Une esthétique de l’oraison funèbreLes tous derniers plans du film, après la mort des parrains Daïto et Oba, révèlent une certaine fascination pour la figure de la mort. Tour à tour les visages des yakuzas sacrifiés sur l’autel de la dérive mafieuse sont cadrés en gros plan, par ordre chronologique de leur mort. Tous, couchés à terre et baignant dans leur sang versé pour l’honneur, ont droit à un dernier hommage, un dernier morceau de pellicule. Une oraison funèbre prononcée par des moyens cinématographiques. Sur le corps de Gunji se révèle l’attitude à suivre lorsque l’on est yakuza, celle d’attendre et d’accueillir la mort comme il se doit, en complet veston et en arborant une attitude sereine, les lunettes de soleil en sus comme pour lui faire un pied de nez. Pour rappeler les exploits du clan, la caméra pivote sur les traces de sang versé par le chef, des traces qui mènent à l’arme ultime du yakuza, le sabre court, l’arme du crime par excellence dans cet univers qui glorifie l’assassin lorsqu’il se place à la portée de sa victime, quand bien même cette proximité le rapproche de sa propre fin.

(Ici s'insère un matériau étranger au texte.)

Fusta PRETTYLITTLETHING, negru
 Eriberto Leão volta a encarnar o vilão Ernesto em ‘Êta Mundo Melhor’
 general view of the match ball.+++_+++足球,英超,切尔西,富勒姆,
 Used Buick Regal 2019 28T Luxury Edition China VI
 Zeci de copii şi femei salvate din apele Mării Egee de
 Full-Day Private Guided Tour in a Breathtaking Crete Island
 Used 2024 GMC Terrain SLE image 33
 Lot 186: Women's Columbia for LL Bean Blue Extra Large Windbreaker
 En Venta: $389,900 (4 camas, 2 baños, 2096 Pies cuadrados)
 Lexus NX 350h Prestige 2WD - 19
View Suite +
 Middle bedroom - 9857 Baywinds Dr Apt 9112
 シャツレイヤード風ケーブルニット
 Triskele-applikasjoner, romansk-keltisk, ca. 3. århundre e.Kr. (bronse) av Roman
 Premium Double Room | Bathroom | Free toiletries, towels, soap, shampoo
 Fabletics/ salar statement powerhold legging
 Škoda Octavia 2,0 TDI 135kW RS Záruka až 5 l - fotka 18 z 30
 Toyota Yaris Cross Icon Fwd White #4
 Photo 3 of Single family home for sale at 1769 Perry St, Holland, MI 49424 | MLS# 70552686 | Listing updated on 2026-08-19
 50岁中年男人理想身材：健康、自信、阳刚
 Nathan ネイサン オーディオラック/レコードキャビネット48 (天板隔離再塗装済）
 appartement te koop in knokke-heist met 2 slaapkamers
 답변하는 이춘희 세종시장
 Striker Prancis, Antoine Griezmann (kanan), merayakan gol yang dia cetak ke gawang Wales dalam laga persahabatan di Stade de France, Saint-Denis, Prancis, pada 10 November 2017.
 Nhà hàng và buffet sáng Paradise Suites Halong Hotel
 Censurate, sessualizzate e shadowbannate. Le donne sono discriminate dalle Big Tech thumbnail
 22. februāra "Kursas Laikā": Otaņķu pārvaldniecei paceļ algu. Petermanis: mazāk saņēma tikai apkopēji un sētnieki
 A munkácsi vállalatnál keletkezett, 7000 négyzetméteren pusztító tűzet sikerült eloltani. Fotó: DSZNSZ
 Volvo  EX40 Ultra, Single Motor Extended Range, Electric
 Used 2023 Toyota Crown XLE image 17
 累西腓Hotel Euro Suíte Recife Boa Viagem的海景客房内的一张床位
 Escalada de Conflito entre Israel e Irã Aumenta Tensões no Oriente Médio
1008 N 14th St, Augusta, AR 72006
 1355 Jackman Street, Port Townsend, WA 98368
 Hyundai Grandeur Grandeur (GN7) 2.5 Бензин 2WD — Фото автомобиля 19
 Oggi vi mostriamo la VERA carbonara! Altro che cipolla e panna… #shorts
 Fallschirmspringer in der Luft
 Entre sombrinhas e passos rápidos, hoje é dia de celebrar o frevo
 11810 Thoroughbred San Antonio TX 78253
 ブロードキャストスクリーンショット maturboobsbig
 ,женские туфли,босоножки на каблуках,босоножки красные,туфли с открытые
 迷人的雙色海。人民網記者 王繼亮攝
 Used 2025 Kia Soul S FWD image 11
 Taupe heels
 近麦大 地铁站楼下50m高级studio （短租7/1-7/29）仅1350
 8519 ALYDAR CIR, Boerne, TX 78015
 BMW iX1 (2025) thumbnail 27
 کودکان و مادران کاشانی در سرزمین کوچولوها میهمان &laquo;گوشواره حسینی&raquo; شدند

Le sabre court rappelle par là-même son utilisation usuelle, celle du suicide rituel des samouraïs. Ici le suicide est indirect mais tout aussi signifiant, Gunji et les siens ont affronté leurs ennemis sans sourciller tout en sachant qu’ils n’en ressortiraient pas vivants. Ce sont ici les dernières traces du
ninkyô eiga dans ses codes puristes, ceux de l’affrontement de quelques uns contre tout un clan, Kinji Fukasaku abordant dans ces futurs films des conclusions beaucoup moins honorables de yakuzas corrompus, lâches et vils. Une dernière tournée donc pour ces yakuzas d’honneur qui jouent ici leurs derniers rôles. Le film de yakuza trouvera après ce long-métrage un nouveau territoire à explorer, celui de la face sombre des mafieux beaucoup moins héroïques et irréprochables. Fukasaku s’est donc octroyé le coup de grâce d’un genre, le
ninkyô, pour établir les fondations d’un nouveau, le
jitsuroku, un style plus vériste et proche de la réalité des faits. Le
yakuza eiga est mort, vive le film de yakuzas.